What happened to Velvl Greene during those fateful five minutes in his laboratory? A thought: In Pachad Yitzchok (Purim, Kuntrus Reshimos 1), Rav Yitzchok Hutner relates a line he saw in the notebook of a great man: “Me’olam lo to’am ta’am nefesh, mi shelo nisa limshol b’yitzro — He who has never tried to rule over his lesser self, has never gotten a taste of the soul.”
A person can move through life forever catering to his body and flattering his ego, and never even realize he has a higher self, a neshamah. It is only at the moment that he says “No!” to himself that he first becomes aware of the soul within him.
Velvl Greene was a prominent man of science, aiding the as-yet still futile effort to discover extraterrestrial life in the outer reaches of space. But on that winter day, he glimpsed the existence of the soul and discovered genuine human life, right here on Earth.
SEAWEED SAVIOR It’s said that Sir Moses Montefiore once argued with the Chiddushei HaRim — the first Gerrer Rebbe — about the importance of Jews studying foreign languages by pointing to Mordechai Hatzaddik, who foiled the assassination attempt by Bigsan and Seresh after hearing them plot their scheme in a foreign tongue. Quite the contrary, retorted the Rebbe, they spoke unguardedly in his presence precisely because they didn’t expect a Jew to understand their words. Mordechai, a member of the Sanhedrin which required proficiency in every language, was an anomaly, the exception who proves the rule that Jews weren’t linguists.
I was reminded of that exchange upon coming across a World War II-era anecdote from which it emerges that there are times when unfamiliarity with “big words” can come in handy. Geoffrey Tandy was a cryptogamist — an expert in spore-reproducing plants like seaweeds, mosses, and ferns — employed in that capacity by Britain’s National History Museum from 1926 until 1939. Tandy wasn’t just another run-of-the-mill cryptogamist though; he was a specialist in algae.
In 1939, he enlisted in the Royal Navy Reserves, and apparently someone at the Ministry of Defense mistook his profession to be that of a cryptogramist, someone who deciphers messages written in code. In short order, Tandy was dispatched to the town of Bletchley, where the British code-cracking effort was centered, and where there was a concerted attempt to decipher the code of the German Naval Enigma Machine.

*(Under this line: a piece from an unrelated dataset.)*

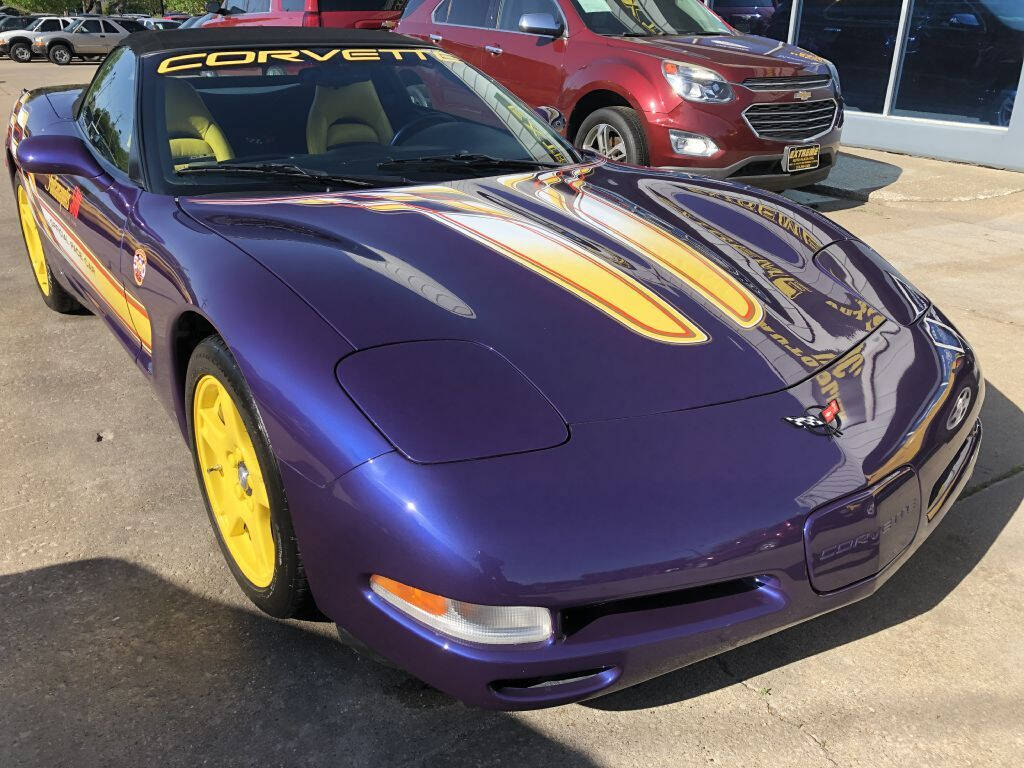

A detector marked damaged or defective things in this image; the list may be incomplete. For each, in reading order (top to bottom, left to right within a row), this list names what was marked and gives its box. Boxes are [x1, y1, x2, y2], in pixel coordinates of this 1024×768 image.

pavement crack [716, 655, 843, 768]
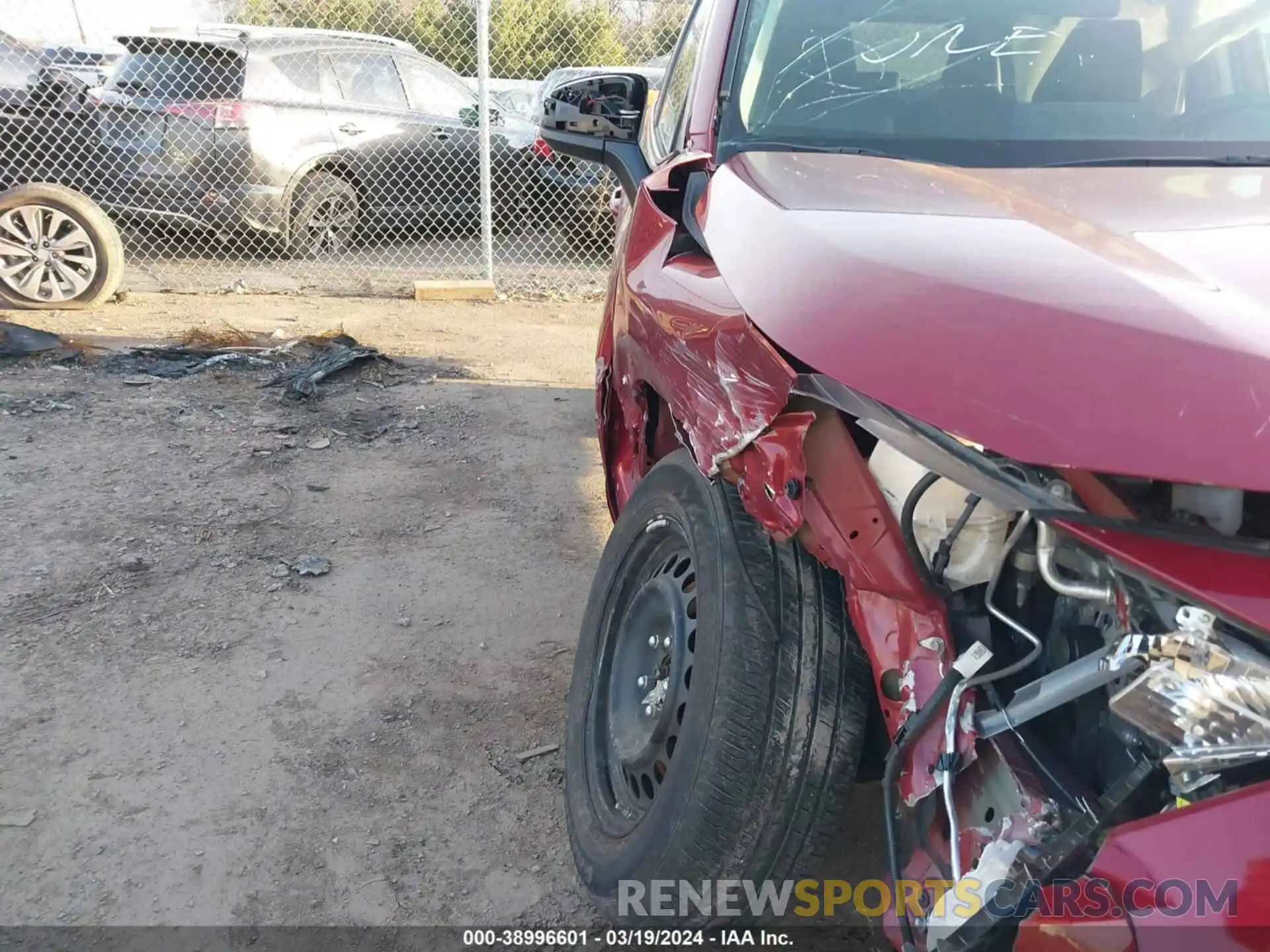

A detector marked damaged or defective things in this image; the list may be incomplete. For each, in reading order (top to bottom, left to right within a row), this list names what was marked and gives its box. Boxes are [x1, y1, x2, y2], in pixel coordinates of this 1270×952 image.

Tandy did what he could to learn skills for which he’d had no prior training. Then, in 1941, came his big break. Allied forces torpedoed a German U-boat and from the wreckage they salvaged important papers, such as bigram tables for double-letter conversion, which enabled users of the German Enigma Machine to unscramble messages.
But the papers had become waterlogged, seemingly rendering them beyond recovery — but not with a cryptogamist on staff. Geoffrey Tandy was expert in drying out water-damaged, fragile materials like algae. And racing against time, he dried the pages and made them legible once more.
The Bletchley team used those papers, once deciphered, to crack secret German communications, which, in turn, is estimated to have helped hasten the end of the war by two to four years. The transformation of an unsung seaweed scientist into a genuine war hero is a breathtaking display of Hashgachah Elyonah, in which the unfamiliarity of the obscure word “cryptogamist” saved untold millions of lives.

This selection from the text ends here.